The firm's 'State of Hybrid Work' report concludes that flexible working, which has become such a feature of many employees' lives because of pandemic lockdowns, had become key to retaining workplace talent.

In all, 37% of respondents said they would be prepared to decline a new job unless flexibility was offered, while 69% said they would accept a pay cut to have flexible hours.

Flexible working hours is a must in new job opportunites

Just over a fifth of employees reported they were or would be actively seeking new job opportunities this year, with almost a half saying flexible working hours had become key to happiness at work

Frank Weishaupt, CEO of Owl Labs, said: “As we enter into this next phase of work, it’s clear that employers across Europe need to provide flexibility over when, where and how their teams work to ensure they keep employees engaged.

"Giving individual workers more choice over how they work means managers need to be aware of any biases they have towards employees who spend less time in the office.

"Technology will play an important role in maintaining an immersive and equalised workplace. While the metaverse will take more time and adoption, simple changes to enhance the video conferencing experience will have a significant impact on overall team camaraderie and culture.

“It is also clear from our research that employees are demanding more from their employers when it comes to overall job satisfaction. Offering a robust and flexible set of employee benefits has never been more important to retaining top talent.”

The report says that offering flexibility and employee-first benefits had become essential to counter the ‘Great Resignation’, which has seen about a third of office workers changing jobs over the past two years.
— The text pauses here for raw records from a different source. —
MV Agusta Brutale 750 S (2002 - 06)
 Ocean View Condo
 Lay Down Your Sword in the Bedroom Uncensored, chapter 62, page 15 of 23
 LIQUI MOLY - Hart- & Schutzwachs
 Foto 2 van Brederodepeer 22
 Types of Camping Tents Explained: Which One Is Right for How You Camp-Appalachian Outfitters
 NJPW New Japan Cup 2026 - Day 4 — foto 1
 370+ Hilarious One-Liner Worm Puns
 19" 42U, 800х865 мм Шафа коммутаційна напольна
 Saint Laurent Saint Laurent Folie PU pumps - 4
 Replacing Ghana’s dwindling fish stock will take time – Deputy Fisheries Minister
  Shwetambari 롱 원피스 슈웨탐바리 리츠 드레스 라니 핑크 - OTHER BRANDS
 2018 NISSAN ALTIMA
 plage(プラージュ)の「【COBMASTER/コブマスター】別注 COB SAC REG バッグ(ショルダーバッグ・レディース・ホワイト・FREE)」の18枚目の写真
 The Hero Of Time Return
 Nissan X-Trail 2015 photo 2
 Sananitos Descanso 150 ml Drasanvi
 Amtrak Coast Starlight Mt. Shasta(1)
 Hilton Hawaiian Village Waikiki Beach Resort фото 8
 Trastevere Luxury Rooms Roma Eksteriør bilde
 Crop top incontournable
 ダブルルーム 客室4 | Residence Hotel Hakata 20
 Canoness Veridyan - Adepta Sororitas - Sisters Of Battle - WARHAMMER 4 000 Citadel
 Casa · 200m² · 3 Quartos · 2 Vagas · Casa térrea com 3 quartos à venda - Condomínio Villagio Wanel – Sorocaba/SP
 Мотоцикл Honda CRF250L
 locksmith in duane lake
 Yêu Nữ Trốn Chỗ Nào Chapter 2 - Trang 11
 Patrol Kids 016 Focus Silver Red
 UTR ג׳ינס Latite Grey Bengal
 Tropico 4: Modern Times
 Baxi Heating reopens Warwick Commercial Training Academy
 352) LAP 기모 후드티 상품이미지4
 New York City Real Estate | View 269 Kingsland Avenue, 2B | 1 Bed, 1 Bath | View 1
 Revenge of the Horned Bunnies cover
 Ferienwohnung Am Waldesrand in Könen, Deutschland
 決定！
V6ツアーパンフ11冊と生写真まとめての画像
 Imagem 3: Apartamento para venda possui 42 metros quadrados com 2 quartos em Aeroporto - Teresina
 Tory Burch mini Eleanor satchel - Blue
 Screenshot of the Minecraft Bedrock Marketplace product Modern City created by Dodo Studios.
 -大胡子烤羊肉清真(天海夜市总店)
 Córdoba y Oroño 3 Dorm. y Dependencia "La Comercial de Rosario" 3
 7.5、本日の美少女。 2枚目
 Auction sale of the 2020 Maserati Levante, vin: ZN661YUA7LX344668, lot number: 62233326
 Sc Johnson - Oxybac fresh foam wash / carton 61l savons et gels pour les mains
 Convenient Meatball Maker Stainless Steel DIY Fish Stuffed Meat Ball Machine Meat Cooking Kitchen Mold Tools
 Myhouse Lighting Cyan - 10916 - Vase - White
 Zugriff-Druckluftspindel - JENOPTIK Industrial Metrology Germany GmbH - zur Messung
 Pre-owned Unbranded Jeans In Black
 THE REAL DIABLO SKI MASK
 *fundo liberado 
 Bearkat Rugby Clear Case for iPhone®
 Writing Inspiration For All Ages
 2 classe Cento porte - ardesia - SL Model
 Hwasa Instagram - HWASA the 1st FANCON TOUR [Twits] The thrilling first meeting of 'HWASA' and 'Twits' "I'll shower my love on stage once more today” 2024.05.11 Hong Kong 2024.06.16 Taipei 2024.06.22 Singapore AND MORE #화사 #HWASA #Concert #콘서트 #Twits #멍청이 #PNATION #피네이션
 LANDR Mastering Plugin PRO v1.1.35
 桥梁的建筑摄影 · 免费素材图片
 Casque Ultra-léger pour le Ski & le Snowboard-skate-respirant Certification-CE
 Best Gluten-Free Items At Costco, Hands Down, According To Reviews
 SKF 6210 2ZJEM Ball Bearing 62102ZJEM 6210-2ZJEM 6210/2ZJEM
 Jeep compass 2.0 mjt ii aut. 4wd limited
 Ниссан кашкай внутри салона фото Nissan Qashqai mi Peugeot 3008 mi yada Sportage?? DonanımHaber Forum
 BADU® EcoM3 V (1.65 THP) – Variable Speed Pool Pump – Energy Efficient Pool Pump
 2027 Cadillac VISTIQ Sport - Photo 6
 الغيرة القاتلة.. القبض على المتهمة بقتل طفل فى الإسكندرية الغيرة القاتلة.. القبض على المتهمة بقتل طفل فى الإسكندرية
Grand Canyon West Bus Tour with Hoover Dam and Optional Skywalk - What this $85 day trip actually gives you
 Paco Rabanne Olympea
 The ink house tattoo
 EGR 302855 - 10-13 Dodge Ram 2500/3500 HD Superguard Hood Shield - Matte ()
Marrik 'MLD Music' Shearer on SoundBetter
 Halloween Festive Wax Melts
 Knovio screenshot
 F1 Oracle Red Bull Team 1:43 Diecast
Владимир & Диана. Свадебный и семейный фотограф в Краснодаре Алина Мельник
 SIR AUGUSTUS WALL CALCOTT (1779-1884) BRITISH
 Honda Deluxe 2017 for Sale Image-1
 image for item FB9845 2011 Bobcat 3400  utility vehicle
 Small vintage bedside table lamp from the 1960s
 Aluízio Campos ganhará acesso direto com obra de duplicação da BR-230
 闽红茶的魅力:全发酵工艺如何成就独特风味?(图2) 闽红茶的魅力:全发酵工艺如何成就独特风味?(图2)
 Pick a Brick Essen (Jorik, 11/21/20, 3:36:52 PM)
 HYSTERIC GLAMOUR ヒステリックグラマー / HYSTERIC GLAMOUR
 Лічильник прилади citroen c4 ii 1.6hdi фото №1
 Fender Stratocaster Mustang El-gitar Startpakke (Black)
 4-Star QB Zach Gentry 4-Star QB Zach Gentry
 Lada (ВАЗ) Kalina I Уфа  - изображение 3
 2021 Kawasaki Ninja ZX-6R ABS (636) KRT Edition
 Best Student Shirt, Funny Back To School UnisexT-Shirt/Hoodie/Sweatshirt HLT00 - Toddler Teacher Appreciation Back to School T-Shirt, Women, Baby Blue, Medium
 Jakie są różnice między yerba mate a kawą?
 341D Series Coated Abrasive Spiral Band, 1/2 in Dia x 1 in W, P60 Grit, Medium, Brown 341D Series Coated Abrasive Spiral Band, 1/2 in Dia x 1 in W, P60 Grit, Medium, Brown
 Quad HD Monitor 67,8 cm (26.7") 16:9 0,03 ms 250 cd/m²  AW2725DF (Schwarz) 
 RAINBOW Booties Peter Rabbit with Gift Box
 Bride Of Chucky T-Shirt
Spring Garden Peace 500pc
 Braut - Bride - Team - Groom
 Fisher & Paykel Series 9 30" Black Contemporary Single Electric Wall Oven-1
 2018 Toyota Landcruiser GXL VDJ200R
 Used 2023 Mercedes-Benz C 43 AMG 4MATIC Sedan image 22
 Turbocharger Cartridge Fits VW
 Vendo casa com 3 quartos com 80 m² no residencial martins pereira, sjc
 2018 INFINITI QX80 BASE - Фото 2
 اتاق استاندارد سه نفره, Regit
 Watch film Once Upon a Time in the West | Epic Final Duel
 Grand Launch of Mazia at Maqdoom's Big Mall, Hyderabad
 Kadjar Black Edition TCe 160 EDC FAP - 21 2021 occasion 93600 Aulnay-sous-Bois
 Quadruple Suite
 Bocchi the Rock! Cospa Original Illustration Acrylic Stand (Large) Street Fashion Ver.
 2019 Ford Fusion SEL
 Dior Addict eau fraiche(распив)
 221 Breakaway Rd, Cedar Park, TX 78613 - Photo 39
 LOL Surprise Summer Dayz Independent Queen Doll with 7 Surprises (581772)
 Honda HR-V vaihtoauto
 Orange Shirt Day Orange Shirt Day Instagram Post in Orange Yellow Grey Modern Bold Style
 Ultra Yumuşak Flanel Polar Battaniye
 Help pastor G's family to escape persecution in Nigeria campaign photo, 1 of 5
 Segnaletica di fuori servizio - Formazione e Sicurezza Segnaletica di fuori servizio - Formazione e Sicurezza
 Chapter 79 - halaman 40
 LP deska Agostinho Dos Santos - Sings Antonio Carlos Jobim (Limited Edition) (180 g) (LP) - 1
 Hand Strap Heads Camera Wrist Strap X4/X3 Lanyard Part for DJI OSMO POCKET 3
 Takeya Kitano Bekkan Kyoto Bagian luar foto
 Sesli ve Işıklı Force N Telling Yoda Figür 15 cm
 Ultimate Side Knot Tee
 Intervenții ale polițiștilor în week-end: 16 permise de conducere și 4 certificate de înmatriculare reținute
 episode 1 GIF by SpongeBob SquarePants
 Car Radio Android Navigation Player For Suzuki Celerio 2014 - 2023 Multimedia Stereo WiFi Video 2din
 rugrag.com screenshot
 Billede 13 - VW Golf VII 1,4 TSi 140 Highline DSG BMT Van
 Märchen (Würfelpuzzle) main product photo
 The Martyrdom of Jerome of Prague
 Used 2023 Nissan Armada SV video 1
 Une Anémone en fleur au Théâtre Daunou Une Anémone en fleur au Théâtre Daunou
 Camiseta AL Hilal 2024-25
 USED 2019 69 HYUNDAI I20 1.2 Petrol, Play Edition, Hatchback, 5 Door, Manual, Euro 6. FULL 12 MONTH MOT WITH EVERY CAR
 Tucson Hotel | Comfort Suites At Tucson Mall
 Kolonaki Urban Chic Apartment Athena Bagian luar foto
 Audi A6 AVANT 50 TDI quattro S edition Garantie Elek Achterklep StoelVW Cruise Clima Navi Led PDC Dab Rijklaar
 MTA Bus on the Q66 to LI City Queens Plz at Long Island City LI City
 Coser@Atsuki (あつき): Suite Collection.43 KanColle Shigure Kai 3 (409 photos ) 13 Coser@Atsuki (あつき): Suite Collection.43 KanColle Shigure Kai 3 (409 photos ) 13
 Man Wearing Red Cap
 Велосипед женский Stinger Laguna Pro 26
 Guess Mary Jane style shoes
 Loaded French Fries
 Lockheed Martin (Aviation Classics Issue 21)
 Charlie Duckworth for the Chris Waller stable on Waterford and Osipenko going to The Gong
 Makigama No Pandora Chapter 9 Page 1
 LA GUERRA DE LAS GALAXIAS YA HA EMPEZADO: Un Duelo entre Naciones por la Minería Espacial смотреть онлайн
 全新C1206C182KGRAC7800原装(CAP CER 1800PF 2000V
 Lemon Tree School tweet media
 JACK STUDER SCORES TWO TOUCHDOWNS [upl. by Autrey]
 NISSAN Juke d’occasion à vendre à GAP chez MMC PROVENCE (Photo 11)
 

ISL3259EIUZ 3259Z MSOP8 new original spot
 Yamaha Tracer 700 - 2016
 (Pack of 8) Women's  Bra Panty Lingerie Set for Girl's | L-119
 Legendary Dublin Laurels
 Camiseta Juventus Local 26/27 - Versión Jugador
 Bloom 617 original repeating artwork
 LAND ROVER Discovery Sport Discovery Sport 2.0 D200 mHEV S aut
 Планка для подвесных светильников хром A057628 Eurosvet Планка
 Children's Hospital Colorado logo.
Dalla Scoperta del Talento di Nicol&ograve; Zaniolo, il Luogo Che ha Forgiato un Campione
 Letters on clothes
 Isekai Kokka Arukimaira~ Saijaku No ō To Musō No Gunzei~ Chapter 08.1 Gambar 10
Companies now need to provide the opportunity for flexible working to keep employers happy

Polling, conducted by Vitreous World for the report, found that 36% of employees would stay with their current employers if both flexible working hours and a four-day work week were introduced, while over a quarter would stay if they were given flexibility regarding where they worked.

But the report added: "As businesses grapple with the evolving post-pandemic work landscape, managers must ensure that proximity bias doesn’t compromise employee progression with over half (55%) of employers admitting that they tend to have more trust in full-time office workers than those who work remotely.

"The nine-to-five is all but dead in today’s working world. Almost eight in ten of Europeans feel they are just as, if not, more productive while working remotely compared to working from the office."

The report found some geographical differences: full-time office workers' ideal split in France and the Netherlands would be 1.5 days remote and 3.5 days in the office, whilst in the UK, the Nordics (Sweden, Finland, Norway and Denmark) and Germany, the ideal split was 1.8 days versus 3.2 days respectively.

More than a quarter of all the workers surveyed - rising to 34 per in the UK - said they would not accept a job offer if they were expected to be in the office full-time, while 18% indicated they would decline a new job if the position were fully remote.